Mis pezones miran hacia abajo porque tengo 53 años. Ocupan el centro de una areola anaranjada recorrida por venas azules y lunares minúsculos. Mis areolas, con sus pezones cabizbajos, se contraen con el frío y el placer. De mis pezones nunca ha manado leche. No están agujereados por un piercing y, después de tomar el sol en piscinitas pacatas donde me obligan a cubrirme con la parte de arriba del bikini y no permiten bañarse a las “chicas de servicio”, son como pupila de un ojo cuya esclerótica coincide con la blancura del seno. Igual que en el cartel de Madres paralelas, pero sin lágrima lactante. Retrato aquí mis pezones, cabizbajos y estrábicos ―simpatiquísimos―, como acción política contra la censura y llamamiento a la descripción masiva de otros pezones de mujer. Los cuerpos femeninos no son sucios ni tan bellos que, en su sacralización, se transustancian en críptica hostia dentro del sagrario. Hay mujeres sin pezones y cantantes calvas. Una mujer nunca debería ser metonimia: vientre, pezón, cabellera… Pero tenemos derecho a reinterpretar los símbolos con los que se nos ha representado secularmente. Lo obsceno a menudo es la tela y el tachón que traza la jefatura de Gobierno de la moralidad del mundo. Las tirillas que camuflan pezones infantiles sexualizan a las niñas con su anacrónico recato. La obscenidad la pone la legaña de quien observa con un miedo idéntico al que prohíbe el virginal cartel de Zahara. Entendámoslo: no hay pezones buenos y malos ―en Instagram salvan a los intelectuales pezones con intención artística―: hay pezones como hay rótulas y obscenísimos agujeros de la nariz donde se oculta el moco. Un pezón es tan importante que no tiene ninguna importancia; escatimarlo es un modo de hacer contrabando con él para venderlo a buen precio. Vender un pedazo del cuerpo femenino abre la posibilidad de especular con el cuerpo todo. No se ocultan los pezones de Esteso en Pepito piscinas.

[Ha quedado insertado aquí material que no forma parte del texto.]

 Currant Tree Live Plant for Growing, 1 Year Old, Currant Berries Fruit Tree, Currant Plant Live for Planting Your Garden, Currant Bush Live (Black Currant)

El asunto del cartel de Madres paralelas se ha resuelto, pero la cuestión es analizar a quién le ofende qué. La ultraderecha patria redobla su pudibundez nacional-católica con la pudibundez de la ética protestante y el espíritu del capitalismo que convierte en escandaloso el semi-pezón ―¿llevaba un esparadrapo?― de Janet Jackson en la Superbowl. Lo obsceno es apalear a un perro, desahuciar, permitir no vacunarse al libérrimo personal de una residencia geriátrica, prostituir a una niña, mantener en el código penal el delito de escarnio de confesión religiosa, aguar la leche. Oscuros dueños del algoritmo blanco, masculino, confesional, competitivo, decid ¿qué os han hecho nuestros pezones?, ¿para quién reserváis las hipersensibles areolas? Quiero mostrar mis pezones en esas redes sociales que, sin hipócritas censuras ―¿por qué borrar un pezón y no la propaganda de la Fundación Francisco Frankenstein?―, podrían conocer secretos desvelados por mi boca de chancla y prevenir las acciones subversivas de pezones y otros despieces, a menudo tristes, de la anatomía. Almodóvar se equivoca en un detalle: el algoritmo resulta demasiado humano en todo lo que la humanidad implica de injusto, inquisitorial y amnésico. Este es mi cuerpo y esta soy yo: usted, si lo desea puede guardarse su teta, pero prohibir la exhibición de los pezones no protege a las mujeres de la mirada del monstruo, sino que nos retrotrae al tiempo del cíngulo y los baños con pololos.